What to do:
Take the line containing "Капкейки на девичник розовые с платьем Фото" and all lines after it to the end of the records, and output them exactly.

Source data:
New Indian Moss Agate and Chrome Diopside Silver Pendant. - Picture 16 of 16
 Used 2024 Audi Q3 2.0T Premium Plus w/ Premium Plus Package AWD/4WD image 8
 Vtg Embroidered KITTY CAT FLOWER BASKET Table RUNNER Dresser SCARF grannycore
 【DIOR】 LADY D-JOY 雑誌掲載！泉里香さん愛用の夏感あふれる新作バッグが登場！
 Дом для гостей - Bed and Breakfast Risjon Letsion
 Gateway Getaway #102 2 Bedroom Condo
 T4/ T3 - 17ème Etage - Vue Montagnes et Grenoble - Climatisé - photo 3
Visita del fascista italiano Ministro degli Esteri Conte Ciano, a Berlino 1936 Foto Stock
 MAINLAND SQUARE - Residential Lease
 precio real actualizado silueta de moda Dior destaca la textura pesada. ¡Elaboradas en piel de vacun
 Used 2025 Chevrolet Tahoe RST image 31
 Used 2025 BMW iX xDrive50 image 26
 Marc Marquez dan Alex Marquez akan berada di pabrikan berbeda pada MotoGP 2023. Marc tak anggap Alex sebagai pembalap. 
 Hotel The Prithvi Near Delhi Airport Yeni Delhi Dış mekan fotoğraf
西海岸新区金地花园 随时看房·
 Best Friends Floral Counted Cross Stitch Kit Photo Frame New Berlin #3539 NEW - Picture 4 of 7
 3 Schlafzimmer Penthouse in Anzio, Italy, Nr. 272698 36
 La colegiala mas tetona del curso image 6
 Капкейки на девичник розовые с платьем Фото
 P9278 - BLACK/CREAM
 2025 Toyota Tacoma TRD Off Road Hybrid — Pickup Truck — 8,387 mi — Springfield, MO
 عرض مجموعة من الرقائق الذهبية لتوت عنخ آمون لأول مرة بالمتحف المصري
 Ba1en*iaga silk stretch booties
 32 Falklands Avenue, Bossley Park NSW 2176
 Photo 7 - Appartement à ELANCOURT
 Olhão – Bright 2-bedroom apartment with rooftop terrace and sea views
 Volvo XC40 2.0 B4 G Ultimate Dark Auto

Response:
 Капкейки на девичник розовые с платьем Фото
 P9278 - BLACK/CREAM
 2025 Toyota Tacoma TRD Off Road Hybrid — Pickup Truck — 8,387 mi — Springfield, MO
 عرض مجموعة من الرقائق الذهبية لتوت عنخ آمون لأول مرة بالمتحف المصري
 Ba1en*iaga silk stretch booties
 32 Falklands Avenue, Bossley Park NSW 2176
 Photo 7 - Appartement à ELANCOURT
 Olhão – Bright 2-bedroom apartment with rooftop terrace and sea views
 Volvo XC40 2.0 B4 G Ultimate Dark Auto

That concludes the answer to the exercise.